Fragmented systems create expensive manual work
Many businesses still use separate providers for FX conversion, settlement handling and treasury reporting from cross-border payments. Finance departments then spend hours pulling information from several dashboards just to confirm whether payments arrived correctly.
Businesses increasingly evaluate payment systems based on:
- settlement timing across regions
- reconciliation accuracy
- exchange-rate visibility
- integration with finance software
- payment approval consistency
Manual correction work creates another problem, even on a digital payment platform. One failed payment reference can trigger email chains between banks, finance teams and suppliers while accounting departments try to determine where the transaction stalled. Global payments become far harder to manage once several disconnected systems sit inside the same workflow. This is why consolidating workflow in multi-currency accounts and IBAN infrastructure is one of the more sensible solutions to this problem.
Financial infrastructure is becoming an investment priority
Investors spent years funding payment apps built around customer experience. More attention is now moving towards infrastructure supporting the financial systems underneath those interfaces because businesses need operational tools capable of handling larger transaction volumes across several regions.
That broader trend is visible across financial technology categories where automation reduces workload inside financial organisations. Investors increasingly want systems that remove repetitive manual work rather than simply improving front-end design.
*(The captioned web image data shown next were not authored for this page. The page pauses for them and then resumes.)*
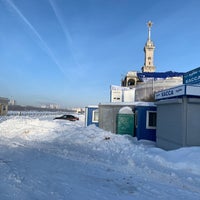 Photo taken at Причал № 17 by Андрей on 1/25/2019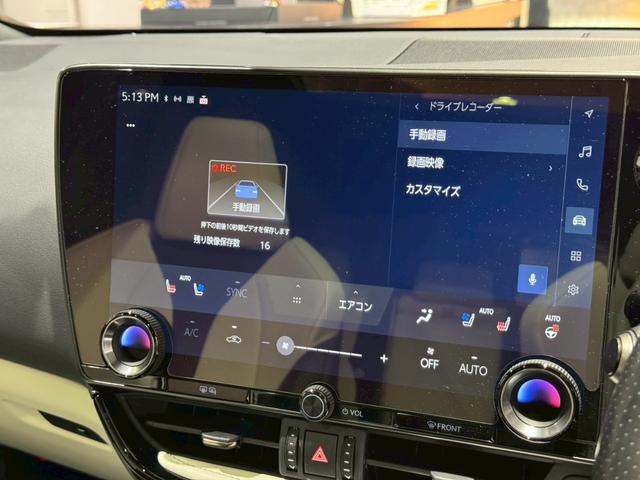 ＮＸ ＮＸ３５０ｈ　Ｆスポーツ　白革内装　オレンジキャリパー　パノラマルーフ　デジタルインナーミラー　３６０度ドライブレコーダ　パノラミックビュー　ブラインドスポット　ヘッドアップディスプレイ　ナビ　ＴＶ　ＥＴＣ２．０　純正２０ＡＷ（42枚目）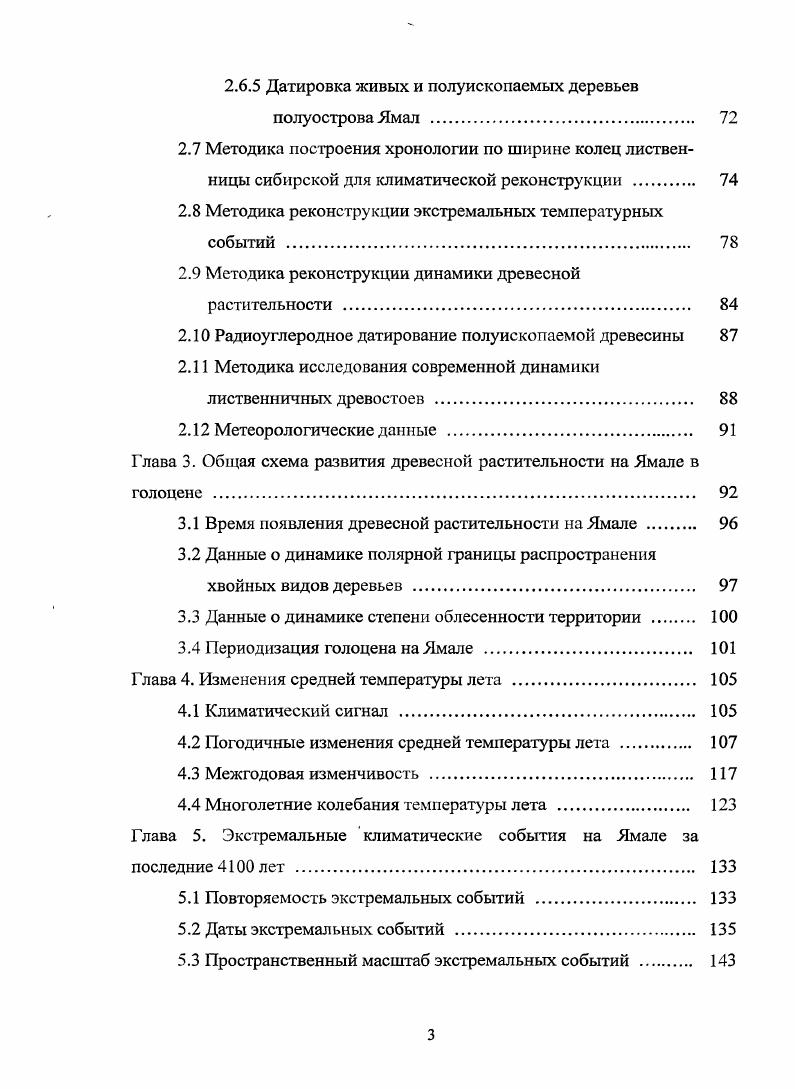1.4 Сверхдлительные древеснокольцевые хронологии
Global payments sit directly inside that trend. Businesses processing larger international transaction volumes across multi-currency accounts need systems that reduce admin work, improve payment tracking and simplify reporting once finance operations start scaling internationally.
Global payments are becoming more consolidated
International payments still involve different banking rules, settlement systems and regional regulations depending on where funds move. Businesses expanding internationally increasingly want fewer moving parts sitting inside those payment workflows because every additional provider creates more reporting work once payment volume increases.
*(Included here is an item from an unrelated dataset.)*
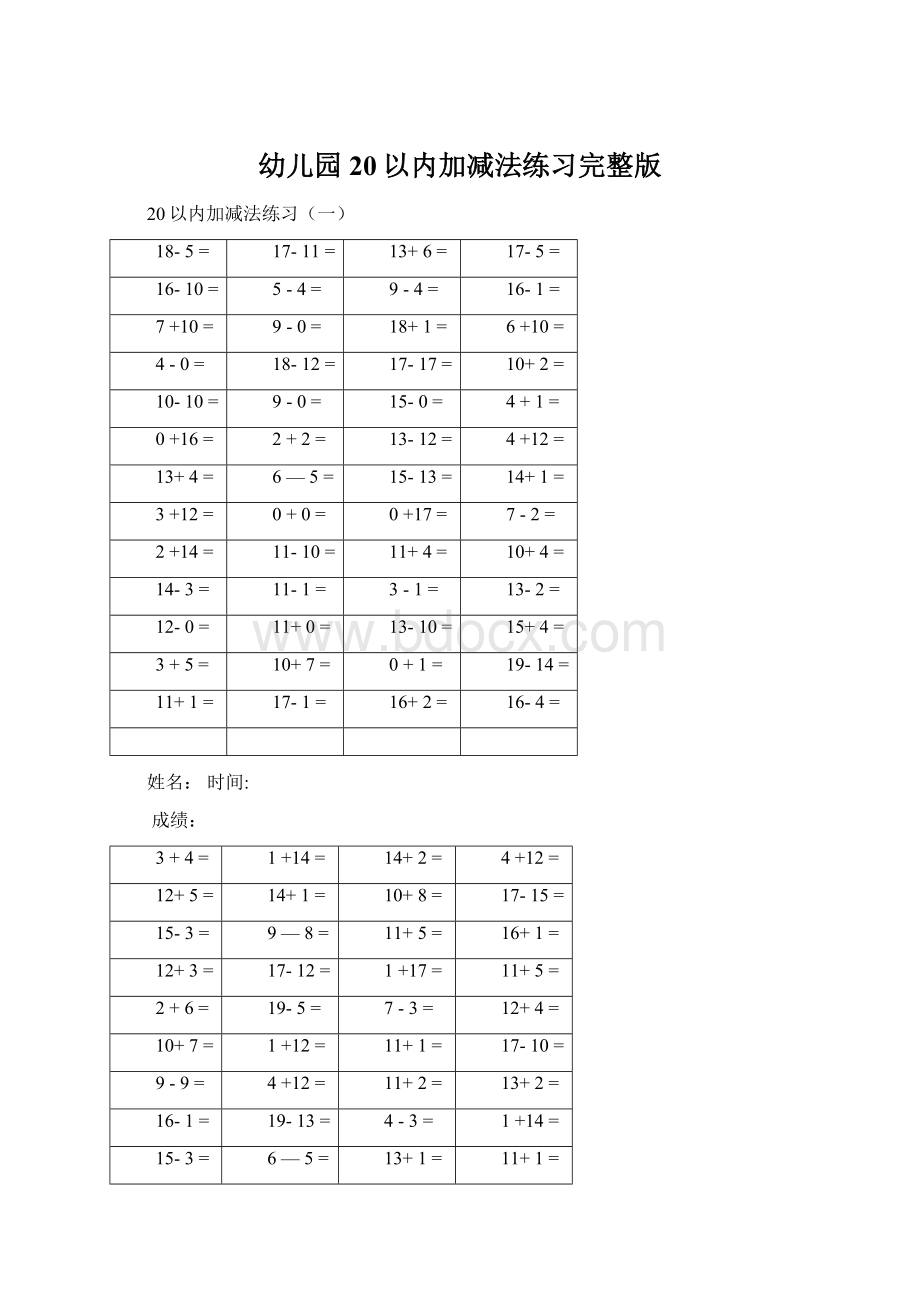 幼儿园20以内加减法练习完整版.docx_第1页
Fintech infrastructure providers are responding by consolidating more functions into connected digital payment platform systems. BONCA operates around that model by combining payment routing, dedicated business IBAN infrastructure and international settlement systems inside one operational environment. FX handling and treasury oversight increasingly sit inside unified systems instead of several disconnected platforms.
Finance teams processing global payments want fewer manual checks, fewer reporting gaps and faster visibility into where money moved once transactions begin scaling globally.